Abrams brings his trademark mystery box MacGuffinry to Mission: Impossible.
The cold open is cruel. Intimate, restrained, but cruel. Ethan Hunt, bound to a chair, watches the woman he loves about to be executed while a man with the face of a disapproving accountant calmly counts to ten. It’s a quietly nightmarish prologue that promises a tighter, darker Mission: Impossible film. But what Mission: Impossible III delivers instead is a sleek, confident placeholder – a reboot in all but name – designed to prove that the series could still function as a blockbuster delivery system. In many ways, it does. But it also foreshadows the rise of J J Abrams: the cult-TV nerd turned studio messiah whose signature blend of confident tone and aggressive mystery-boxing always ends up being less than the sum of its parts.

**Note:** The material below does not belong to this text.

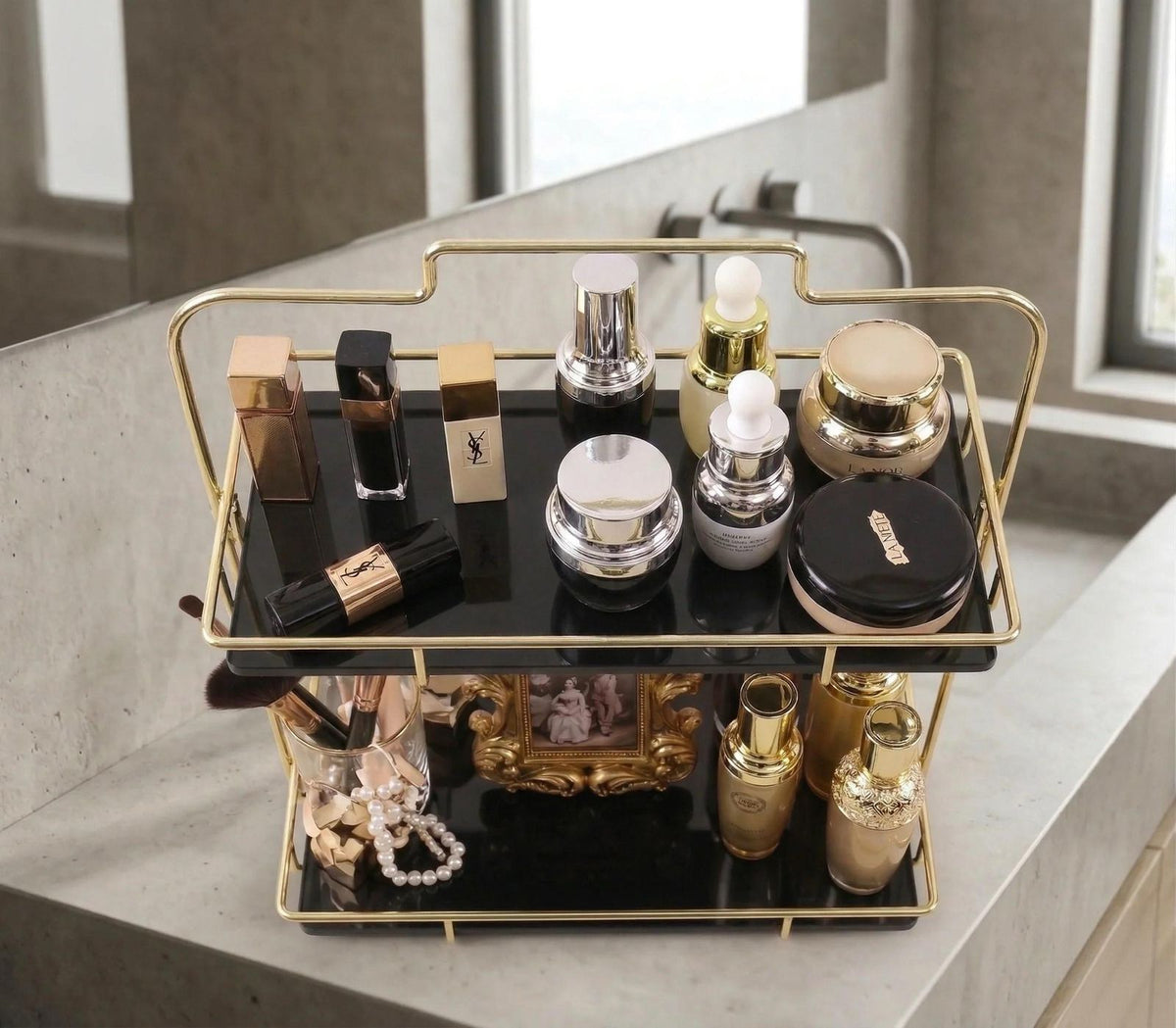 2-Tier Golden Vanity Rack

This time around, IMF agent Ethan Hunt (Tom Cruise) is pulled out of a semi-retirement where he trains new recruits and plays house with fiancée Julia (Michelle Monaghan), only to be drawn into a confrontation with arms dealer Owen Davian (Philip Seymour Hoffman) after a mission gone wrong results in the death of one of Hunt’s trainees. Joining him on the mission are returning tech-whiz Luther Stickell (Ving Rhames), new field agents Declan Gormley (Jonathan Rhys Meyers) and Zhen Lei (Maggie Q), and IMF technician Benji Dunn (Simon Pegg) making his first appearance, as they chase down something known only as the Rabbit’s Foot, and try to stop Davian from doing something unspeakable with it.
Gone is the rococo extravagance of John Woo’s mythic doves-and-ducati melodrama. Abrams, coming from the school of Alias and Lost, brings a television director’s knack for compressing narrative into sleek modular units: training scenes, banter, heists, backstory reveals, all neatly slotted into a forward-driving arc. But his instinct for narrative hooks comes with a drawback: the illusion of deeper meaning that never quite arrives. The Rabbit’s Foot is the perfect metaphor for the film’s ambition – mysterious, shiny, tantalisingly important, but ultimately hollow – the epitome of a J J Abrams MacGuffin. Even characters in the film speculate about what it does. They never find out. Neither do we.

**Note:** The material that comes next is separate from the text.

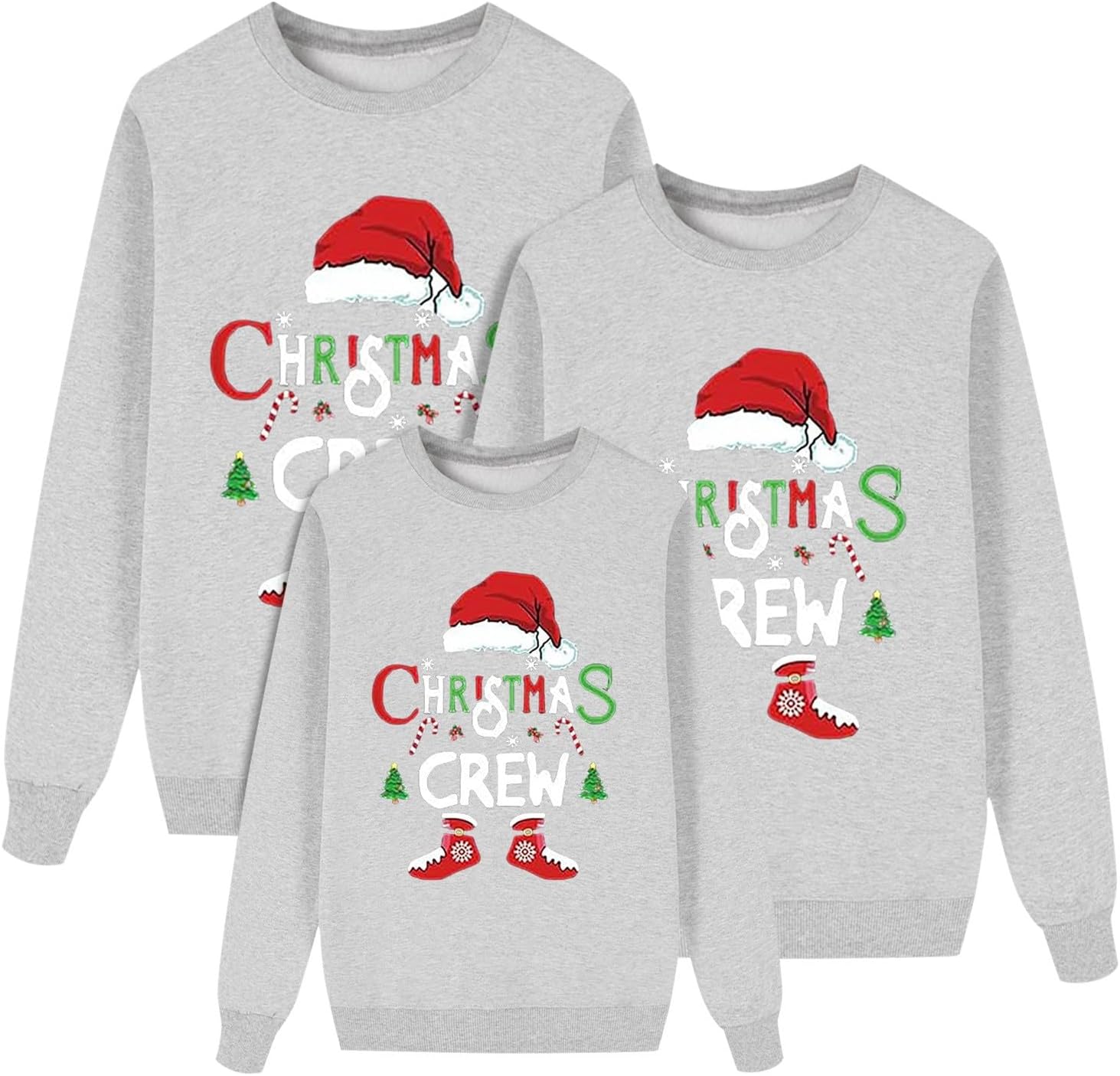 Sweater Christmas Family Woman Man Child Christmas Sweatshirts Family Round Neck Long Sleeve Christmas Sweater Winter Warm Christmas Jerseys for Couples Blouses Tops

What Mission: Impossible III gets right is the rhythm. Abrams knows how to pace tension, how to shoot legibly, and how to frame Cruise like he’s already immortal. He nails the team dynamic too, which would become increasingly important in future instalments. There’s genuine warmth and camaraderie among the team, even if Meyers and Q get little room to breathe. Rhames, always the series’ soulful ballast, finally gets a bit more meat. And Hoffman, in his first proper blockbuster role, is bone-chilling as Davian: calm, cruel, and palpably dangerous, all without raising his voice. He’s also the best argument the film has for taking itself seriously, even if it also introduces Benji Dunn, a desk-bound technician whose sole raison d’etre is to deliver comic relief and/ or exposition. In the end, Pegg’s Benji would be the most enduring contribution Abrams would make to the franchise even if, by the time we get to Dead Reckoning, the series has completely forgotten what the point of Benji originally was.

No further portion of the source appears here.